*** Opening of Working data ***

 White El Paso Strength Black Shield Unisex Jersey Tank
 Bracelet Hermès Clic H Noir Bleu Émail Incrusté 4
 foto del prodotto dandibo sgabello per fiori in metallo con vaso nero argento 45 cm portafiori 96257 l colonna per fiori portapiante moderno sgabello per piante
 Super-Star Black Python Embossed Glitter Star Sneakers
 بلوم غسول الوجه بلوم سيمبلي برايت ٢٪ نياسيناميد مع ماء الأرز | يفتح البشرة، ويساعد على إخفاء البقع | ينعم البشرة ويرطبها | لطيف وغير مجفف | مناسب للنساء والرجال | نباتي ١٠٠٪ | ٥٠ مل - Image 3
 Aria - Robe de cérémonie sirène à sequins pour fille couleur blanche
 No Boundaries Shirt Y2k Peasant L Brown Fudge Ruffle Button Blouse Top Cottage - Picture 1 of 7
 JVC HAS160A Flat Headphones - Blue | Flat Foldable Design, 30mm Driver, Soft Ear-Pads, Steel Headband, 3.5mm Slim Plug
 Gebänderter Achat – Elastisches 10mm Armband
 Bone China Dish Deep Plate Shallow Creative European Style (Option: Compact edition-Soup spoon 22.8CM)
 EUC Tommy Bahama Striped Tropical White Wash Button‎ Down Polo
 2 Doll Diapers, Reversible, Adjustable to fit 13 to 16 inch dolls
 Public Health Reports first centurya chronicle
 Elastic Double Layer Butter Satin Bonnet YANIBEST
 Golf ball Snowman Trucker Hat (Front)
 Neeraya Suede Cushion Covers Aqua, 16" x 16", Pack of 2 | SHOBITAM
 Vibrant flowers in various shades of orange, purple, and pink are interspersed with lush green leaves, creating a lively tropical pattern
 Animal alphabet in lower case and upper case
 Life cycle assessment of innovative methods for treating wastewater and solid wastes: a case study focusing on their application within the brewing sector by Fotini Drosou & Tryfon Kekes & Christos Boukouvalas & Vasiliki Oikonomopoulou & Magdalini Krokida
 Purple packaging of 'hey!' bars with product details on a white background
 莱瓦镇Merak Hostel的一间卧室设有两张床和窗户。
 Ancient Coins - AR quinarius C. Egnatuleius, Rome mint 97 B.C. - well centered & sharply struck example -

*** Close of Working data ***

▶ **What is needed**
In your answer, include only the lines above starting at the line that holds "Elastic Double Layer" and ending at the line that holds "Purple packaging of", copied exactly.

▶ **Answer to this task**
 Elastic Double Layer Butter Satin Bonnet YANIBEST
 Golf ball Snowman Trucker Hat (Front)
 Neeraya Suede Cushion Covers Aqua, 16" x 16", Pack of 2 | SHOBITAM
 Vibrant flowers in various shades of orange, purple, and pink are interspersed with lush green leaves, creating a lively tropical pattern
 Animal alphabet in lower case and upper case
 Life cycle assessment of innovative methods for treating wastewater and solid wastes: a case study focusing on their application within the brewing sector by Fotini Drosou & Tryfon Kekes & Christos Boukouvalas & Vasiliki Oikonomopoulou & Magdalini Krokida
 Purple packaging of 'hey!' bars with product details on a white background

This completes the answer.